People with Alzheimer's dementia are often treated incorrectly or not at all in Germany. This emerges from the Innovation Report of the Techniker Krankenkasse (TK) published Wednesday. In total, therefore, only 14 percent of those with dementia TK insured receive exclusively a drug for the treatment of the disease, a so-called anti-dementia drug.

Nine percent are treated with an antidementive drug and additionally with a sedative. One in four patients (26 percent) diagnosed with dementia receive sedatives only. Half of the patients remain untreated.

"This serious misuse with tranquilizers and the simultaneous undersupply of anti-dementia drugs can not be explained with the medical guidelines," says Bremen's health scientist Gerd Glaeske. Instead, "suspicion here is that demented people are simply sedated rather than treated properly." TK chief Jens Baas urged to urgently improve the care of people with dementia.

No cure yet discovered

In Germany, about 1.7 million people today are considered to be suffering from dementia. About two-thirds of them have Alzheimer's, the most common form of dementia. The disease of the brain leads to the loss of mental functions such as thinking, language, judgment and orientation as well as the death or serious damage of brain cells, especially in the cerebral cortex.

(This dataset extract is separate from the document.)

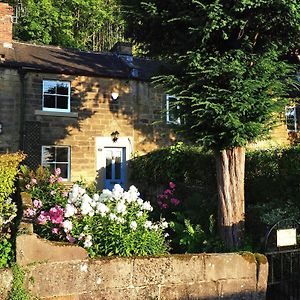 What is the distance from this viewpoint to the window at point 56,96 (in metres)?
15.7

The currently available dementia drugs only slow the progression of the disease but can neither stop it nor cure it. Associations such as the German Alzheimer's Association have been complaining for some time about a decline in Alzheimer's research in order to develop new therapies and medicines.

The fact that some large pharmaceutical companies such as the company Pfizer have completely stopped research in this area leaves the hope for a breakthrough in therapy in the distant future, according to the TK in their report.